これらの結果を見ると、カブトムシを飼っている小学生ってこんなに多いの?とは思いましたが、魚の次に犬や猫が多いのは納得の結果でした。
英国の疫学調査でも、子どものいる家庭のほうがいない家庭よりペットを飼育している割合が高いことがわかっています(#3,4)。当然子ども自身が飼いたいというのもあるでしょうが、子どもがいたほうが飼育動物が身近な存在になると思われます。
子どもの成長におけるペットの効果とは
ではペットを飼育することは、子どもの成長や発達にどのような効果があるのでしょうか?
人間が飼育する動物はそもそもペットではなく、伴侶動物(コンパニオンアニマル)と呼ばれます。コンパニオンアニマルは、家族として、人間とより密接に心を通じ合う動物とされています。そのコンパニオンアニマルには、犬、猫、馬、ウサギなどが含まれています。
子どもたちは怒り、悲しみ、幸せを感じた時に、慰め、安心感、精神的サポートを求めて動物に頼るという傾向があります(#5,6)。これにはオキシトシン系の活性化などの生理学的メカニズムが、動物と接触する人間の心理的ストレスを軽くする可能性も指摘されています(#7)。
ただ、コンパニオンアニマルを飼っているだけではそれらの効果がないとも言われています。飼っているだけでなく、その動物との愛情深い絆を築くことが何より大切です。研究では子どもがそれらの動物に愛着行動を示すことも実証されています(#8)。
また、子ども達にとってコンパニオンアニマルは、さまざまなことを学習する動機になるとも言われています(#9)。
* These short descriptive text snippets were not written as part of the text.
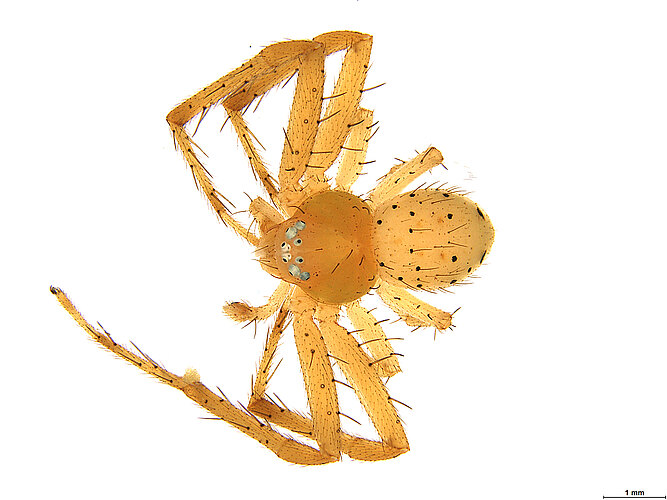 evanida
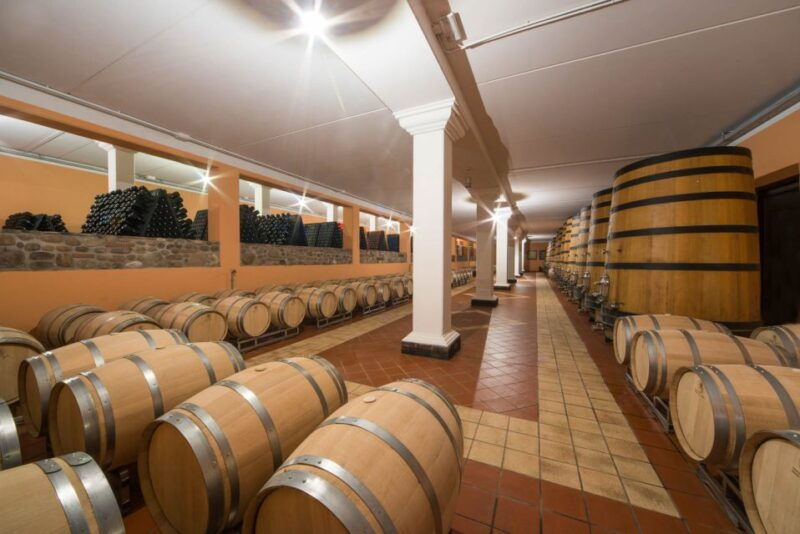 lake-garda-garda-hills-wine-tour-and-tasting
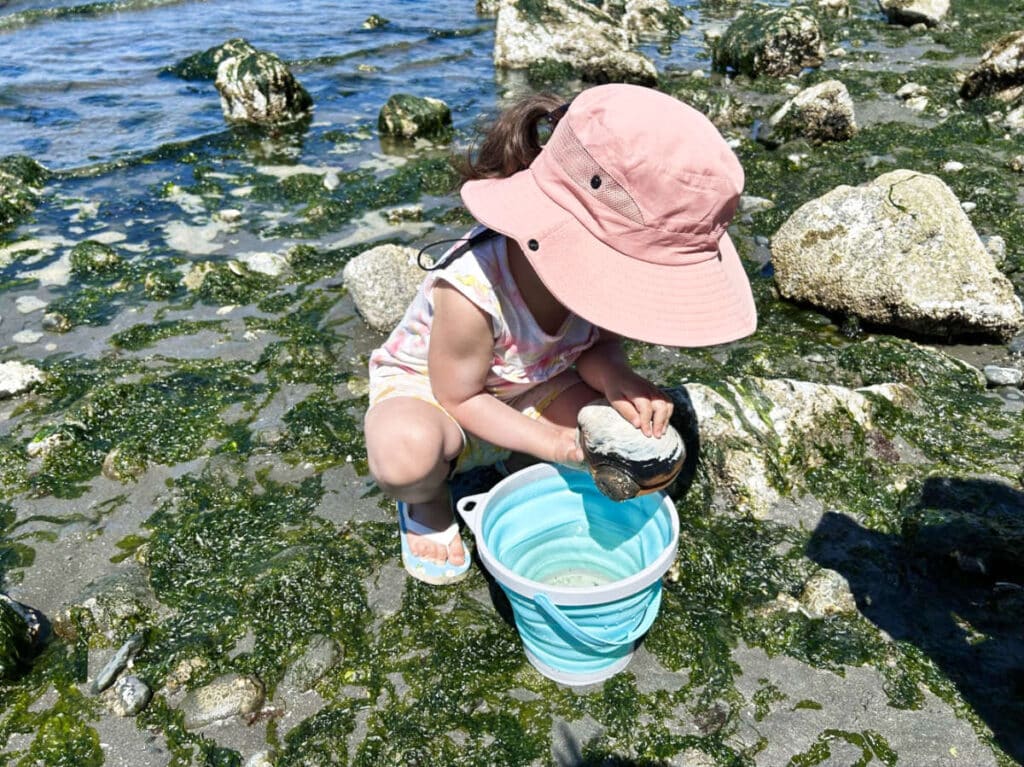 A kid checking out the geoduck in the tide pools of Discovery Park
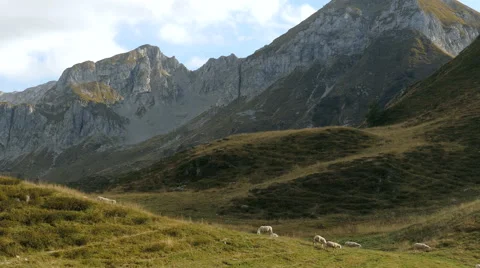 Sheep grazing in a mountain scenery. Video stock 55980040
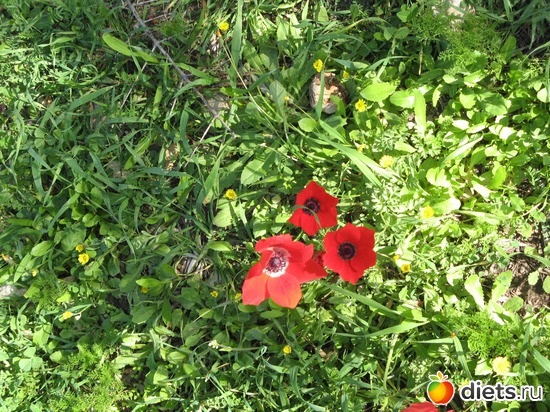 109 фото: Природа...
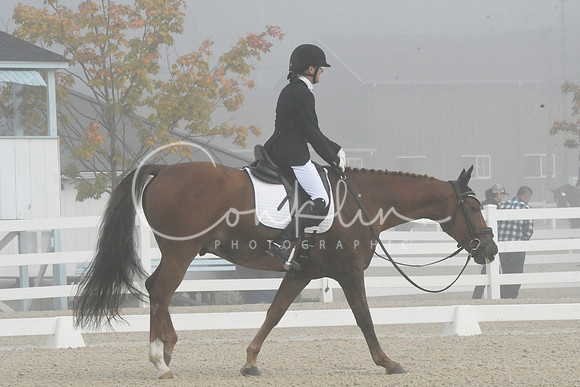 HSM_9708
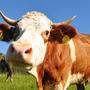Jede steirische Kuh liefert den Milchbedarf von 24 Steirerinnen und Steirern pro Jahr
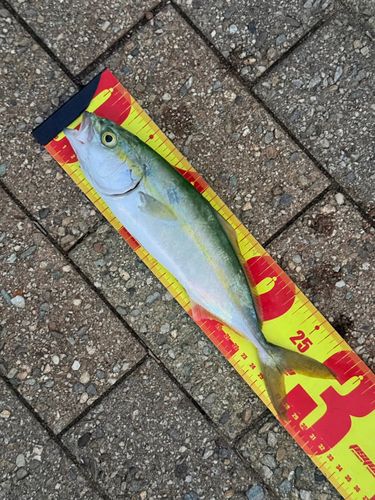 ツバスの釣果
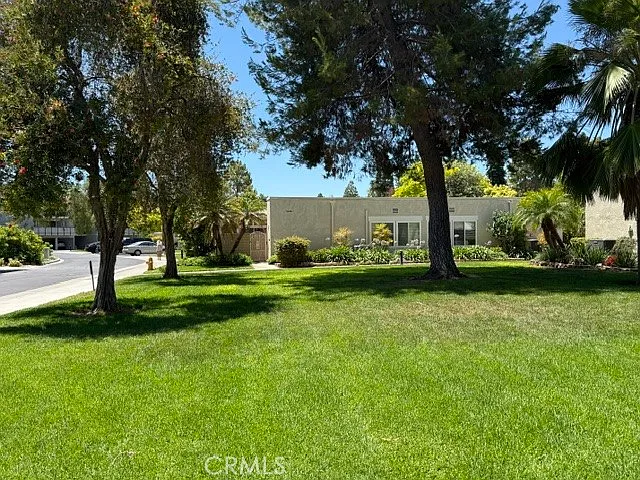 2 bed, 1100 sqft, $3,500 — Photo 3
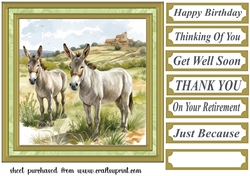 Framed donkeys card front 3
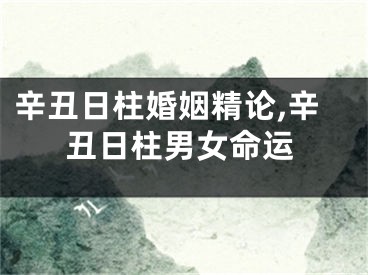 辛丑日柱婚姻精论,辛丑日柱男女命运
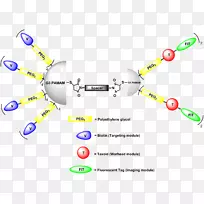 �����ҩ��״�����ҩ���������-��ɫ������-������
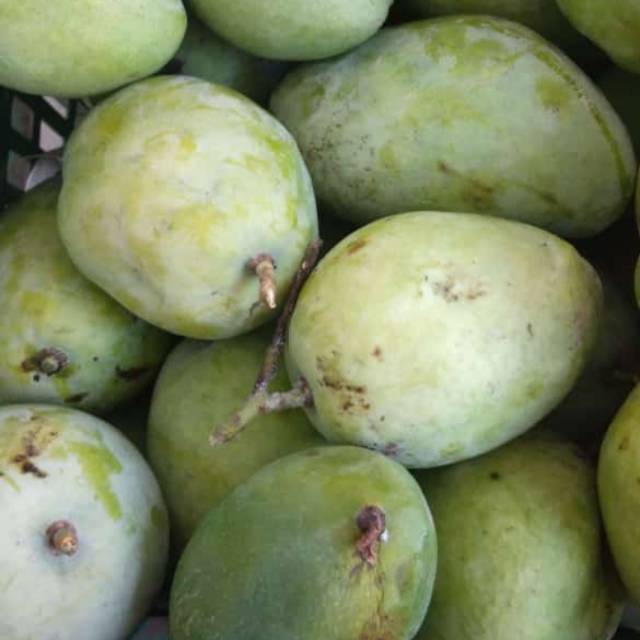 

Buah cengkir1kg|mangga cengkir|buah segar bandung|nuri fruits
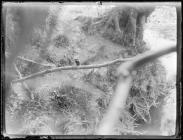 Kingfisher on branch of tree with fish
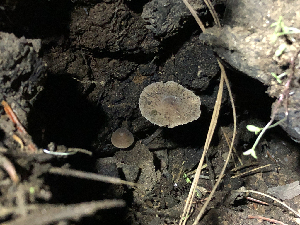  ( - HAY-F-005029)  @11 [ ] by-nc (2023) Dean Lyons Fungal Diversity Survey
子どもは子どもなりに、たとえ相手が動物であろうと相手の気持ちを理解しようとしたり、相手の行動を読み取ったりする訓練をおこないます。
ペットの飼育と子どもの精神的な発達・成長に関する22件の研究を吟味した「システマティックレビュー」でも、それらの間には関連性があるという結果でした(#10)。
このように、コンパニオンアニマルは子どもの成長に良いことが示唆されています。